*Updated with details about the UPS failure and timeline of the incident
A long list of Microsoft Azure cloud services malfunctioned for hours Friday for a subset of customers using services hosted in a Microsoft data center in Japan due to a cooling system outage that was caused by a failed RUPS (rotary uninterruptible power supply).
Customers had trouble connecting to resources that leverage storage infrastructure in the Japan East region, according to an update on the Azure status website. Both storage and virtual machines were impacted, along with many more cloud services, such as Web Apps, Backup, HDInsight, Key Vault, and Site Recovery. Issues included unavailability of virtual machines and VM reboots.

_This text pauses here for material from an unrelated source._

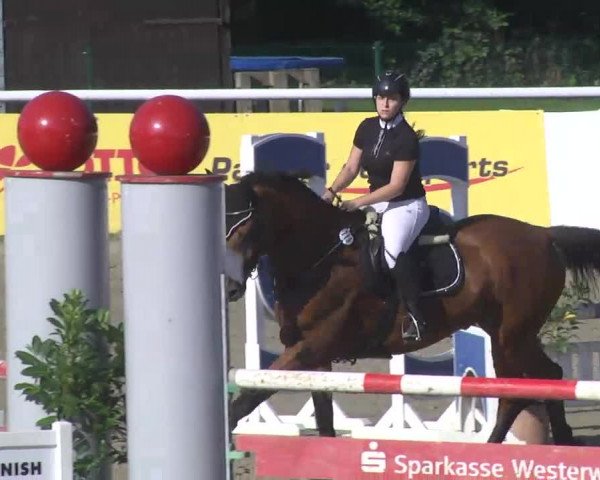 Summermeeting der Springreiter Hachenburg 2016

“Engineers have identified the underlying cause as loss of cooling which caused some resources to undergo an automated shutdown to avoid overheating and ensure data integrity and resilience,” the status page read as of noon Pacific Time. The data center is managed by a third-party vendor, not Microsoft.
The UPS system failure interrupted power supply to the power distribution system that feeds all air handling units of the data center hosting Japan East, shutting the air handlers down, an update posted later in the day said. “The result of the air handlers failing was continued increase in temperature within the entire data center.”
Technicians working for the third-party data center provider and Microsoft’s site services personnel restarted the air handlers and used outside airflow to cool the facility.
The issues started around 7 a.m. Pacific Time and continued into the afternoon as Azure engineers worked to restore the systems. Temperature in the facility was back within operational ranges around 9 a.m., and by 3 p.m. engineers confirmed the storage infrastructure and all dependent services had recovered successfully.
As of the morning of April 3, the company has not said what the cause of the UPS failure was. The latest update on the incident, posted on the day of the outage, said the root cause was still being investigated, and suspect components were sent for analysis.
Design of the cooling system and the power distribution system had typical redundancy built in for backup. The cooling system is N+1, meaning there is an extra cooling unit available in case one fails. The power distribution system was running at N+2, but one UPS in the parallel N+2 lineup failed and power was cut off to the entire cooling system in the data center.
While the most consequential cloud outage of the year so far – the Amazon Web Services storage service meltdown in late February – was caused by a mistyped command, Friday’s incident in Japan serves as a reminder of the extremely physical nature of the Cloud.
Cooling-related data center outages are common, but not nearly as common as electrical infrastructure problems, and the Microsoft outage is an example of a failure by the latter causing a failure of the former. Malfunctioning uninterruptible power supplies have consistently been reported as the most common cause of data center outages in regular surveys by the Ponemon Institute, commissioned by the company formerly known as Emerson Network Power (now known as Vertiv).
Microsoft Azure launched its Japan East region, hosted in a data center in the Saitama Prefecture, and its Japan West region, hosted in a data center in the Osaka Prefecture, in 2014.